E-3 Visas

Since 2005, under the Australia-United States Free Trade Agreement (AUSFTA), qualified Australians have access to a dedicated visa that is both easier and less expensive to obtain than the alternative H-1B work visa. Each year 10,500 E-3 visas are reserved exclusively for Australian nationals. Unlike H-1B visas, spouses of E-3 visa holders are also able to work in the United States. 

The E-3 program allows employers to temporarily employ foreign workers from Australia in the U.S. on a non-immigrant basis in specialty occupations. Current laws limit the annual number of qualifying foreign workers who may be issued an E-3 visa to 10,500 Australian nationals seeking temporary work in specialty occupations. For information regarding the E-3 cap, E-3 cap qualifications and E-3 petitions, see the USCIS website, the Department of Labor website, and Consular sections of the Department of State website for Australia.

Q: What is an E-3 specialty occupation ?
A: A "specialty occupation" requires: 
  • A theoretical and practical application of a body of specialized knowledge, and 
  • The attainment of a bachelor's or higher degree in the specific specialty (or its equivalent) as a minimum for entry into the occupation in the United States. 
Determination of a "specialty occupation" follows the definition contained at INA 214 (i)(1) for H-1B non-immigrants and applicable standards and criteria set by the Department of Homeland Security (DHS) and U.S. Citizenship and Immigration Services. 

Q: Does the Employer of the E-3 visa applicant need to do anything ?
A: The employer prepare, file, and obtain approval of a Labor Condition Application (LCA), ETA Form 9035, from the Department of Labor. 

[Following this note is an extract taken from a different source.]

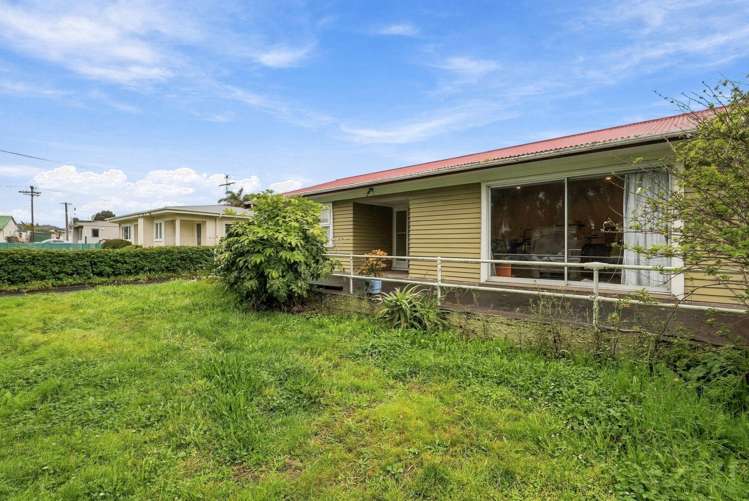 6 Rutland Road_5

Q: What does the Employee need to do?
A: After obtaining the LCA, the employer files a Petition with USCIS for the employee as a non-immigrant worker.
    After approval of the petition, the employee must start non-immigrant "consular processing" visa application at the US Deptartment of State. It may also be possible to file for a change of status if the employee is already in the U.S.